> What’s going on in that user object? The pin field seems suspiciously related to the PIN we were asked to input after creating our account
This might be the fault of opt-out serialization library (by default it serializes the whole object and you need to manually opt-out fields from it). So a programmer adds a field, forgets to add opt-out annotation and voilà.
Or they are just using plain JS dicts on the server and forgot to remove the key before using it in a response.
> The vulnerability they’re talking about was presented in a paper by researchers at the University of Vienna.
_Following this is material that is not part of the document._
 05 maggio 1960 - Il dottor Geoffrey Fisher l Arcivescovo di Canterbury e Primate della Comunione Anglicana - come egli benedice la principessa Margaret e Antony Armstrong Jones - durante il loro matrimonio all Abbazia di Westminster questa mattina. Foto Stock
This vulnerability (mapping phone numbers to user id via rendevouz API) is old and was exploited in 2016 in Telegram [1] and allowed Iranian govt to build a phone book of 15M Telegram users. The paper also mentions that the vulnerability was known in 2012, still not fixed.
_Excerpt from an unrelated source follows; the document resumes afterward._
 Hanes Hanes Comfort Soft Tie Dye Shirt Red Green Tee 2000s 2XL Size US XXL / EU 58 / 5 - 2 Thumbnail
> This might be the fault of opt-out serialization library (by default it serializes the hole object and you need to manually opt-out fields from it). So a programmer adds a field, forgets to add opt-out annotation and voilà.
In a previous job, on my first audit of the code, I spotted such vulnerabilities pretty much everywhere.
Developers simply need to stop using these libraries.
This is such a common issue I've seen in so many API backends, where sensitive fields on a record are getting sent to the client and no one notices because it's invisible in the UI.
The fact that the PIN is leaked is bad enough, but it also happens to be plaintext. This is a password. It should not be stored unhashed, and it should be hashed with strong algorithms.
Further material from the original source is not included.